Trees are great but part of a larger picture of ecosystems that do a great job of taking co2 out of air and building with it. Soil is a huge deal for how effective ecosystems are at scrubbing co2. All plants die off and decay but much of their carbon can get sequestered into the soil. Healthy soil has deeper microbes and insects breaking down and sequestering better, and improving future plants growth.

Basically stop lawnmowing and industrial farming.

[–] buzz86us 6 points 3 months ago

There are all these micro machines that suck up a lot more C02 it is called hemp

[–] [email protected] 6 points 3 months ago (3 children)

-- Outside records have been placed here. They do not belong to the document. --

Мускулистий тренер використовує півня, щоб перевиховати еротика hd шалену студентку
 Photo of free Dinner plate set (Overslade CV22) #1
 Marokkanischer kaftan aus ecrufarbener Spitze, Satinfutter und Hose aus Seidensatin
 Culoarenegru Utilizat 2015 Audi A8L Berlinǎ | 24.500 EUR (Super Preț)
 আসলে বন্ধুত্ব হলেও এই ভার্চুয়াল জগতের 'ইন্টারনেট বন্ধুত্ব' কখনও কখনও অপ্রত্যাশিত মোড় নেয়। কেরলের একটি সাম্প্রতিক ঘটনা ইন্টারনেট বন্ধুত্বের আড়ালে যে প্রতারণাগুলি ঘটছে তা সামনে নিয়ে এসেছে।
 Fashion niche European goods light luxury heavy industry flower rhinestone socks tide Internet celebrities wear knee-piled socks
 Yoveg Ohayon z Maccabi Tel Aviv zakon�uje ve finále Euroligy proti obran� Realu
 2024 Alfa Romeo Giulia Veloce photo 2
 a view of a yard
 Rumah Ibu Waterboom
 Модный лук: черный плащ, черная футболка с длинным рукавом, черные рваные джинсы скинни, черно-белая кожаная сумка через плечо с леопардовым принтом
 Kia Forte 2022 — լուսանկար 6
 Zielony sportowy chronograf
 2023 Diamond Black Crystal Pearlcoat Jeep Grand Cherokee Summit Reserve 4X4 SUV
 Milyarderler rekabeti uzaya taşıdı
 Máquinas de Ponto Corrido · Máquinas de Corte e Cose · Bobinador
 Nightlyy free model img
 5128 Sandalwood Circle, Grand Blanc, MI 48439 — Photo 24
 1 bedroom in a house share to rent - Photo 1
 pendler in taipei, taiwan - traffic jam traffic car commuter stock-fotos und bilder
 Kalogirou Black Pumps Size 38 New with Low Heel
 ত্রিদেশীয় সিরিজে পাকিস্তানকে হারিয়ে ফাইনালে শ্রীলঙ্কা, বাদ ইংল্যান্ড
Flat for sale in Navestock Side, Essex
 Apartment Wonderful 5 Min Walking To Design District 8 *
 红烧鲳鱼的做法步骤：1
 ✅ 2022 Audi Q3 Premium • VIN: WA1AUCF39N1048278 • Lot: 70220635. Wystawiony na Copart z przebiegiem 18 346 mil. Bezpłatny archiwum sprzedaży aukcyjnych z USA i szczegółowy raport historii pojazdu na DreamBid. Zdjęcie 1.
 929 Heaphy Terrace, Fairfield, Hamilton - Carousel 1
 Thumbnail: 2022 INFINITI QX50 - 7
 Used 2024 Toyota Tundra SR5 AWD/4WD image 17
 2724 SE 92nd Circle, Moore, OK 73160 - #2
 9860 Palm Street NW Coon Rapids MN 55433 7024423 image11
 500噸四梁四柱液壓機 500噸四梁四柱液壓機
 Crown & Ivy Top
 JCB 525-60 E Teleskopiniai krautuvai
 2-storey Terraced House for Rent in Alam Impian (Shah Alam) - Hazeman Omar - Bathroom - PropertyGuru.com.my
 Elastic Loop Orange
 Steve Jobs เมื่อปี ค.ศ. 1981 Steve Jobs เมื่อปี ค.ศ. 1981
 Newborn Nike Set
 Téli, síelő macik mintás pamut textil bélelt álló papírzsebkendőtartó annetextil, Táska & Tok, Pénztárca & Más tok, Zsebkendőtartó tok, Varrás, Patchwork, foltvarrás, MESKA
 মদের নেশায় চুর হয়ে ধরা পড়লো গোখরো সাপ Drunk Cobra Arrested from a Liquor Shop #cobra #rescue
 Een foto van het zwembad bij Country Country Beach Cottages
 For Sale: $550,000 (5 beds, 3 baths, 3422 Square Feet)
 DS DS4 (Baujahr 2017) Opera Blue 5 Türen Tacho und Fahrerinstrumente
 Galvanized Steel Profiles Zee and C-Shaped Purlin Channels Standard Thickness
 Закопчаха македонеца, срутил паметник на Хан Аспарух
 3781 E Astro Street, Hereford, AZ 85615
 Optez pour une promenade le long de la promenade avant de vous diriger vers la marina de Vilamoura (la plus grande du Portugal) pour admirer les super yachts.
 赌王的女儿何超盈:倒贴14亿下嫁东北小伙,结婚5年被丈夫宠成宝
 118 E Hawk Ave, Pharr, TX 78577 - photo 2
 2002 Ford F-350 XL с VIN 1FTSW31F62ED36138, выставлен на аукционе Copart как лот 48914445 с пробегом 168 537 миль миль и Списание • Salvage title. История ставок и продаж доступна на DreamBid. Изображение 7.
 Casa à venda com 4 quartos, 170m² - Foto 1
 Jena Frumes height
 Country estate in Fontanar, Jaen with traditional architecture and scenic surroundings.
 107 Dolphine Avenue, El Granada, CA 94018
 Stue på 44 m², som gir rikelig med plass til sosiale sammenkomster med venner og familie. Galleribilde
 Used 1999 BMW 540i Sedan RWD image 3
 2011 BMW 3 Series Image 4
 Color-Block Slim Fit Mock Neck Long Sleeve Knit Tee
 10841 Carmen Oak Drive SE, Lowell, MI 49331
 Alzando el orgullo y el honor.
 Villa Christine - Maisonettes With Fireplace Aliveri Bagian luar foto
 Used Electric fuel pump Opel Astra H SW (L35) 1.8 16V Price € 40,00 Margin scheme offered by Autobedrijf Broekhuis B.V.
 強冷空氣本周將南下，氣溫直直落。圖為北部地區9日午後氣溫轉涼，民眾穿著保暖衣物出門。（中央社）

A tree absorbs about 25 kg of CO2 per year. A human breathes out about 250 kg of CO2 per year.

Trees are great, but not all that efficient. To deal with the amount of CO2 humanity is currently producing, we'd need a whole lot more of them.

[–] [email protected] 4 points 3 months ago* (last edited 3 months ago) (5 children)

That's just breathing.

A gallon of gas is nearly 9kg.

A ton is 1000kg. And it costs about $160 to capture it. So $1.44 per gallon to recapture it's CO2.

Costs are USD.

Could you imagine a 40% tax on gasoline to pay for carbon capture?

We're all fucked.

[–] RubberElectrons 4 points 3 months ago* (last edited 3 months ago) (2 children)

Not only can I imagine it, I think we should go for it. The goal ought to be one cylinder per person, a family of four gets driven around with a 1.6L naturally aspirated V4 engine.

Keep it balanced between simple and efficient.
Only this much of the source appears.